By Sophie Boot
Global capital is fleeing the coal sector, and it’s not a passing fad, according to the Institute for Energy Economics and Financial Analysis.
In IEEFA’s new report, released this morning, it found that since January 2018, one new bank, insurer or financial institution had announced divestment from or restrictions on thermal coal every two weeks.
IEEFA’s director of energy finance studies for Australasia, Tim Buckley, said a domino effect was being created by tightening policy and new lending restrictions “resulting in a progressive strangulation of the thermal coal industry”.
“Stranded assets are a clear financial risk for any institutions left funding the coal sector,” Buckley said. “With environmental and reputational concerns certainly driving factors for capital fleeing coal, investors are also increasingly aware that coal industry forecasts are increasingly dour.”
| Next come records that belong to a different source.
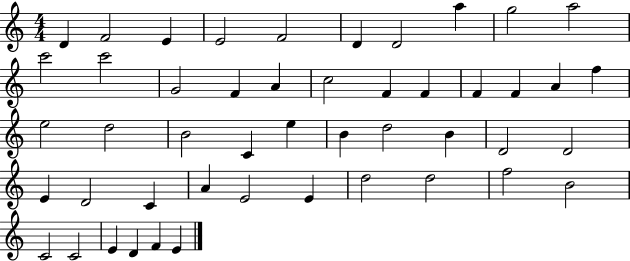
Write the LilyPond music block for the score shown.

{
  \clef treble
  \numericTimeSignature
  \time 4/4
  \key c \major
  d'4 f'2 e'4 | e'2 f'2 | d'4 d'2 a''4 | g''2 a''2 | \break c'''2 c'''2 | g'2 f'4 a'4 | c''2 f'4 f'4 | f'4 f'4 a'4 f''4 | \break e''2 d''2 | b'2 c'4 e''4 | b'4 d''2 b'4 | d'2 d'2 | \break e'4 d'2 c'4 | a'4 e'2 e'4 | d''2 d''2 | f''2 b'2 | \break c'2 c'2 | e'4 d'4 f'4 e'4 | \bar "|."
}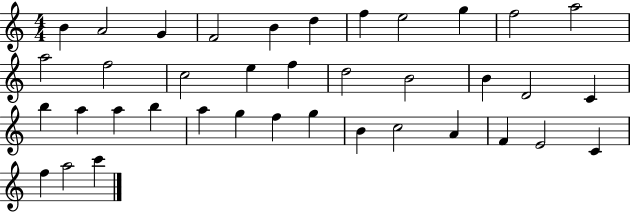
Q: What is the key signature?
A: C major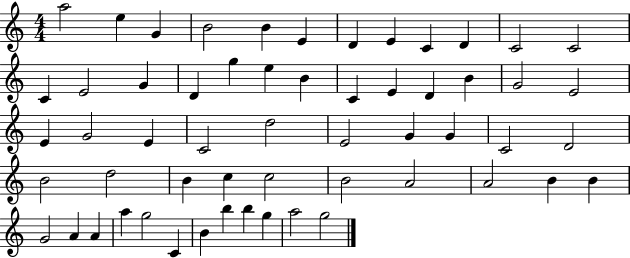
{
  \clef treble
  \numericTimeSignature
  \time 4/4
  \key c \major
  a''2 e''4 g'4 | b'2 b'4 e'4 | d'4 e'4 c'4 d'4 | c'2 c'2 | \break c'4 e'2 g'4 | d'4 g''4 e''4 b'4 | c'4 e'4 d'4 b'4 | g'2 e'2 | \break e'4 g'2 e'4 | c'2 d''2 | e'2 g'4 g'4 | c'2 d'2 | \break b'2 d''2 | b'4 c''4 c''2 | b'2 a'2 | a'2 b'4 b'4 | \break g'2 a'4 a'4 | a''4 g''2 c'4 | b'4 b''4 b''4 g''4 | a''2 g''2 | \break \bar "|."
}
In Australia, IEEFA points to superannuation funds UniSuper and QSuper, which last year moved their combined A$147 billion in funds under management away from coal. It also notes that Australia’s domestic banks will no longer fund new coal plants, though the Morrison government was open to bids for new coal projects through its underwriting program, which Energy Minister Angus Taylor said yesterday was progressing quickly to a shortlist of projects which could get government backing.
Emma Herd, chief executive of the Investor Group on Climate Change - which represents institutional investors with total funds under management of about $2 trillion - says Australia’s various financial institutions have taken different approaches to the financial risk of climate change.
Large banks including Westpac and ANZ have capped the emissions intensity of projects they’ll finance, while IGCC’s members have opted either to divest wholly or partly from thermal coal investments, set thresholds for the amount of thermal coal investments they’ll hold, or lobby high emitters in their portfolios to reduce their carbon emissions, she said.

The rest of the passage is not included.